I think there were a few factors that made that initial kirtan practice so profound and effective.  The first was that it was led by a woman who had been on a spiritual Path for many years.  She also had a great devotion and love for what she was singing to (The Divine of Many Names), and had been in the presence of many saints.  Another was that kirtan was her practice and something that she shared from her heart.  And last but definitely not least, there was not even a twinge of performance in it for her or us (I’m not knocking performance in general, just saying that in this particular situation, it would be a block to the intended effect), and she wasn’t doing it to make money.  (In fact she was just sharing her office space.  And I’m not knocking making money, which apparently everyone needs, just that it also can create a block to the intended effect.)  She was singing to God and sharing her energy.  We were singing to God and sharing our energy.  Everyone’s eyes were closed as we were endeavoring to focus our attention beyond the body and little mind.

Around that time, 1994, I got my first harmonium and began practicing by myself and leading a once a month kirtan with our local Kripalu group in Ann Arbor and then here when we moved to NC.  That group fell apart after some time, but then we met Amma and on one of my first retreats with her, I felt that she was giving me the guidance and motivation to begin leading kirtan again, this time weekly, so in 1998-9, Nikki and I decided to start offering weekly kirtan every Friday evening, even if no one showed up, first at our home yoga room, then at the studio behind our house, before moving it to Carrboro Yoga Co. briefly and then Open Heart when that began.  Nikki’s (my wife’s) “back-up” singing has been very helpful as some energy to “play off” and to help others learn and feel confident in the singing.   Early on there were a number of weeks when it was just me and Nikki but those days are apparently long gone.  We’ve had a few drummers over the years, and Bodhi Harmony still sometimes joins us playing tables when his busy schedule allows.
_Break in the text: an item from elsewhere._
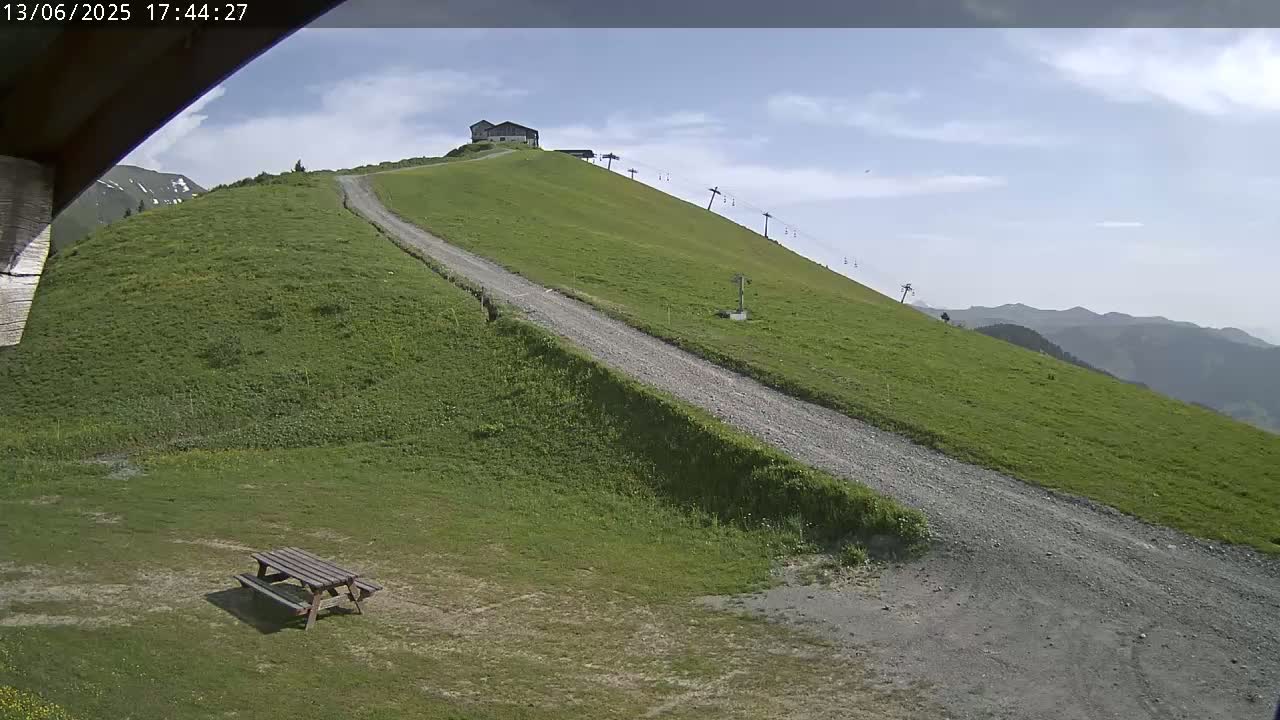 Saint-Gervais-les-Bains,  Telesiege de la Croix Live Cam - Bonneville, Haute-Savoie, Auvergne-Rhône-Alpes, France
Over the years, I have been blessed to be in the presence and get teachings from some great and long-time practitioners including Bhagavan Das (who introduced Ram Das to his Guru) at an intimate, week-long retreat at the Kripalu Center; Yogi Hari at Yogaville for a week and then for 2 weeks at his ashram in FL;  Krishna Das at Yogaville for 2 Memorial Day retreats and several other times for an evening; and the first Kirtan Festival at Yogaville which included Wah! and Jai Uttal; and of course, Amma, who gives teachings (and I think also Shakti, Divine Energy) through her soul-inspired singing.  There have been many other great and not-so-great kirtan leaders but I received something from them all.  The deepest kirtan experience I ever had was with Wah! at that festival which opened a door into another world that is RIGHT HERE, always and only, but it had never been perceived or experienced by me.  It was the Eternal Now and is the only thing that ever was or will be.  That experience persisted for a couple hours.  If that doesn’t make sense, just let it go… for now 🙂  All of those kirtan walas (leaders) have a deep connection with the Divine that they are able to share just by their being in It, and by the Grace of God.  They were/are my teachers and inspiration in the practice of kirtan.